● Work to be completed
Go to the line with "Two T-shirt Top" in the entries below and write out every line from there through the line with "55 Bloor St E #702 — Photo 20", exactly and without pictures.

(The data begins)

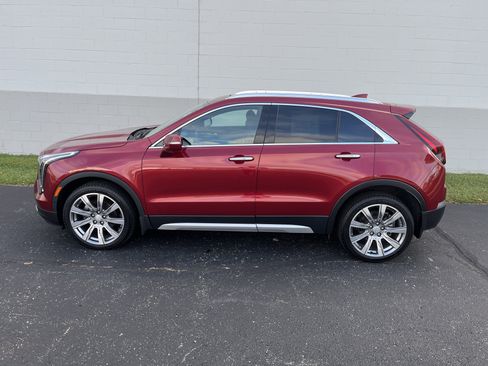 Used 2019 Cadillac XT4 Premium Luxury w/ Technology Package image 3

(The data ends)
(The data begins)

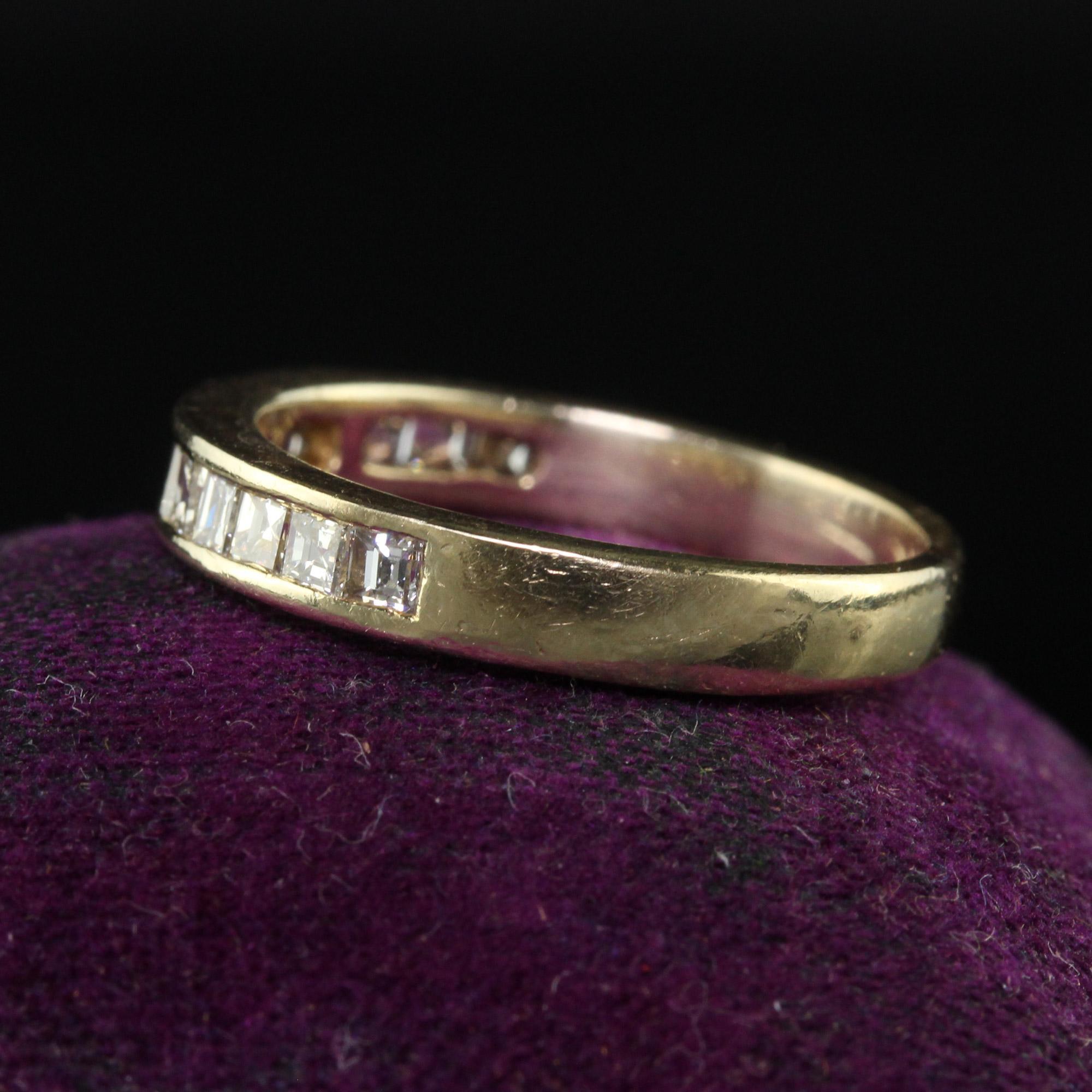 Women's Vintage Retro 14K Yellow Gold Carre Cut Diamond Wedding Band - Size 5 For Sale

(The data ends)
(The data begins)

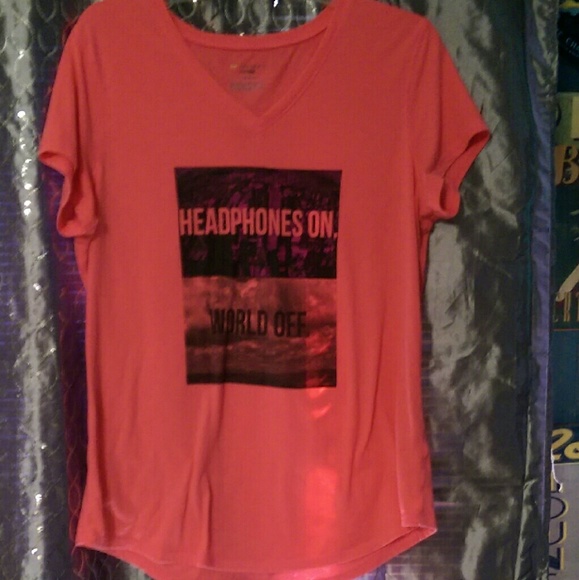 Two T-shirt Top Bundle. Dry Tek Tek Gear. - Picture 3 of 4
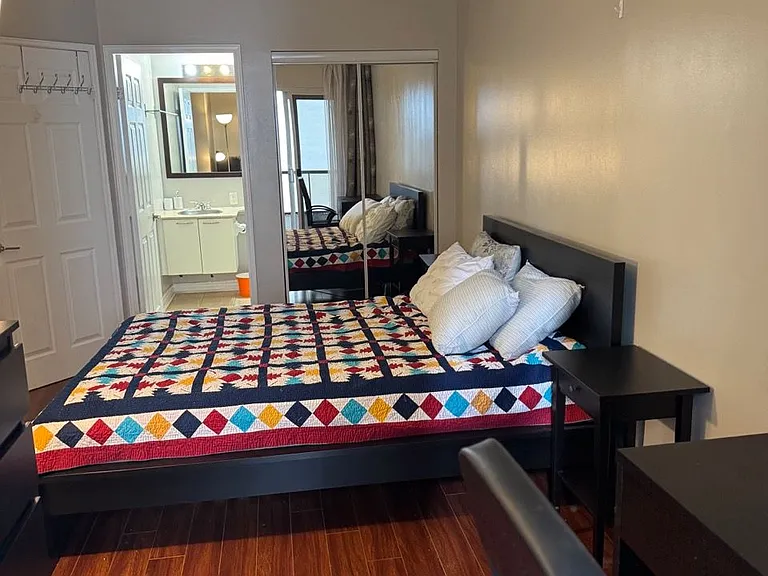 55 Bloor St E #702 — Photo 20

(The data ends)

● Written answer
 Two T-shirt Top Bundle. Dry Tek Tek Gear. - Picture 3 of 4
 55 Bloor St E #702 — Photo 20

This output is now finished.